Aim of the exercise: Retype every line of the data below, starting with the first and ending with the line that contains "woman smiling white sitting on grass field", but leave out the pictures.

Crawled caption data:
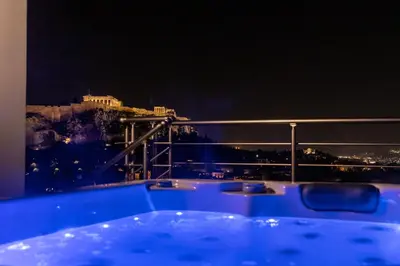 a hot tub with a view of the acropolis at night at Majestic Acropolis-Lycabettus in Athens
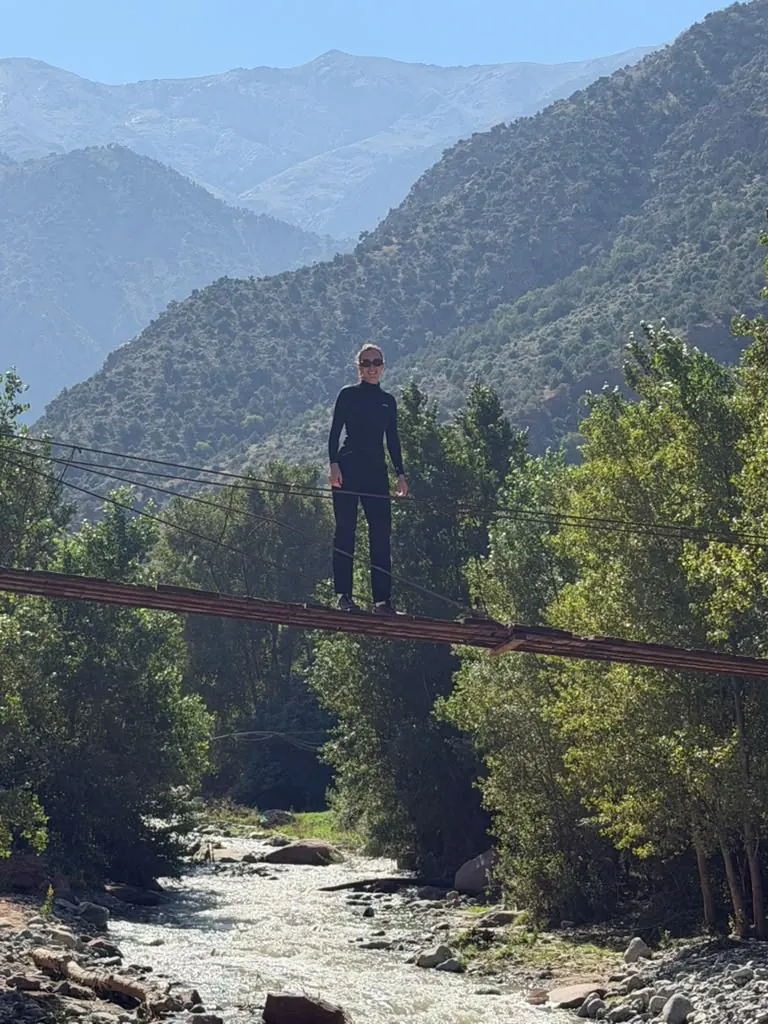A hiker crossing a suspension bridge over the river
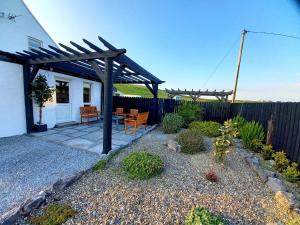 a backyard with a wooden pergola and a patio at Limestone Lodge Apartment in Doolin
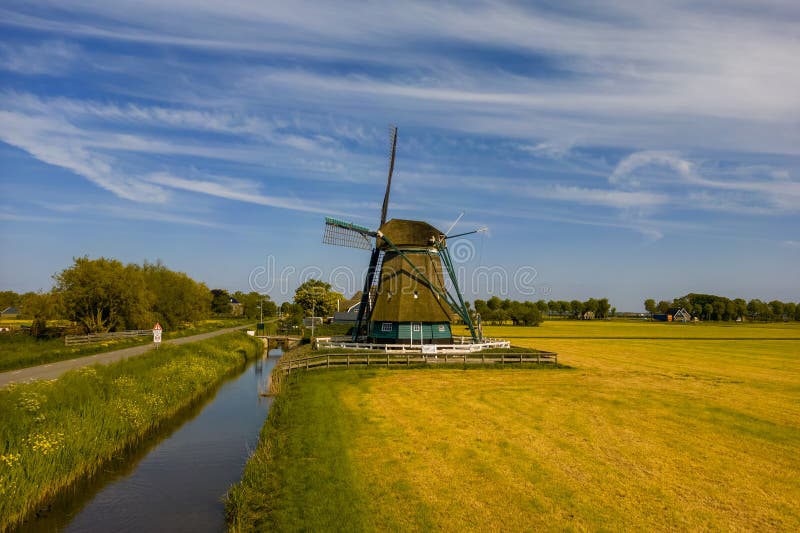 The Nightingale windmill in the middle of farm lands in Northern Netherlands. The Nightingale windmill in the middle of farm lands in Northern Netherlands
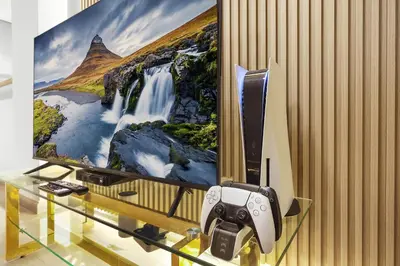 a video game controller in front of a tv at FIRST CLASS 3BR with full BURJ KHALIFA and FOUNTAIN VIEW in Dubai
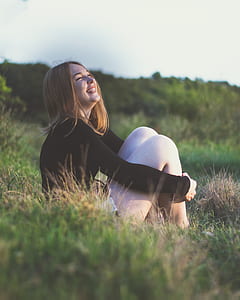 woman smiling white sitting on grass field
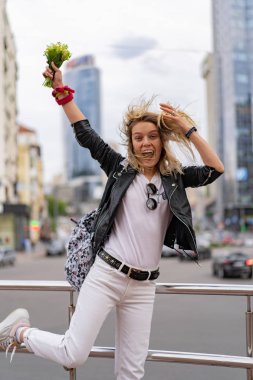 Genç, güzel bir kadın Avrupa 'da şehirde dolaşıyor, sokak fotoğrafı, şehir merkezinde poz veren bir kadın.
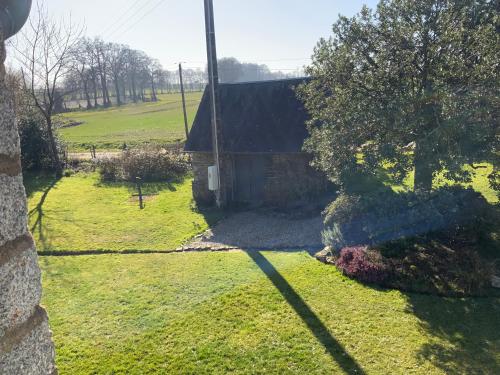 an aerial view of a yard with a building at Welcoming and peaceful bed and breakfast in Fougerolles-du-Plessis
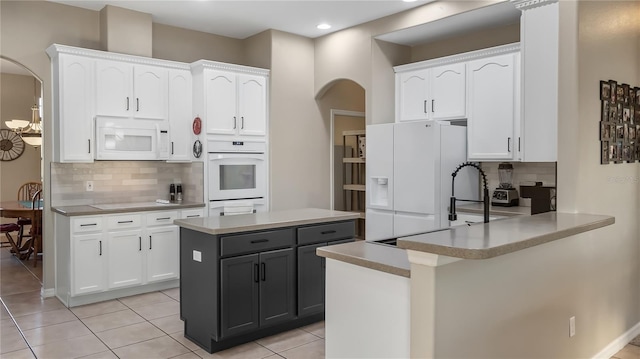 kitchen with white appliances, arched walkways, a peninsula, and white cabinetry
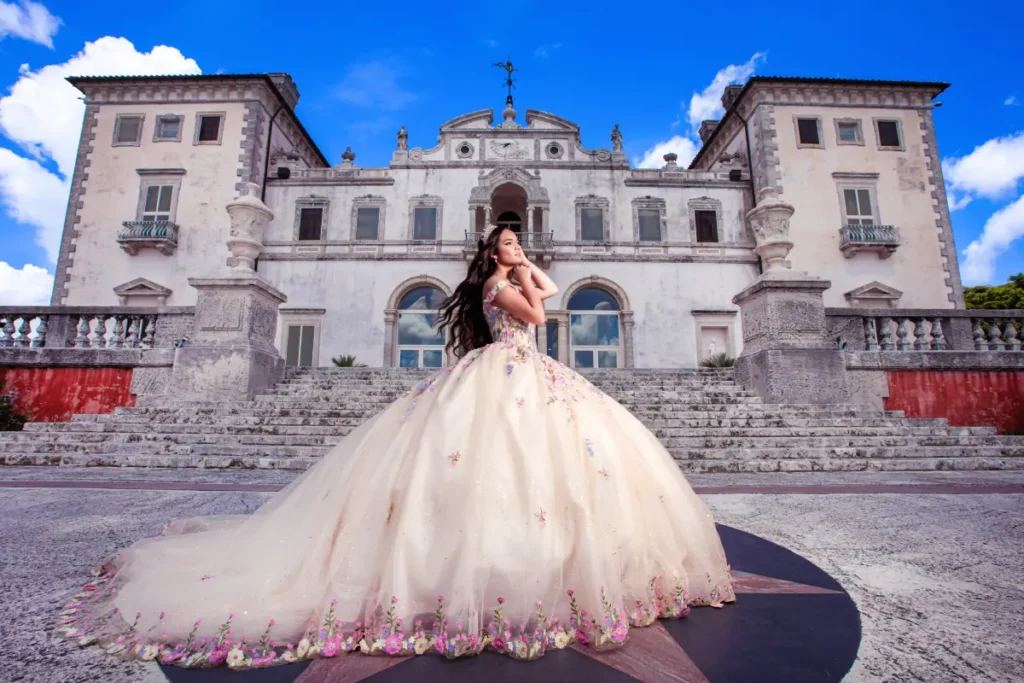 Castle quince photography at Vizcaya Museum: floral ball gown in front of the grand villa under a vivid blue sky.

Task result:
 a hot tub with a view of the acropolis at night at Majestic Acropolis-Lycabettus in Athens
A hiker crossing a suspension bridge over the river
 a backyard with a wooden pergola and a patio at Limestone Lodge Apartment in Doolin
 The Nightingale windmill in the middle of farm lands in Northern Netherlands. The Nightingale windmill in the middle of farm lands in Northern Netherlands
 a video game controller in front of a tv at FIRST CLASS 3BR with full BURJ KHALIFA and FOUNTAIN VIEW in Dubai
 woman smiling white sitting on grass field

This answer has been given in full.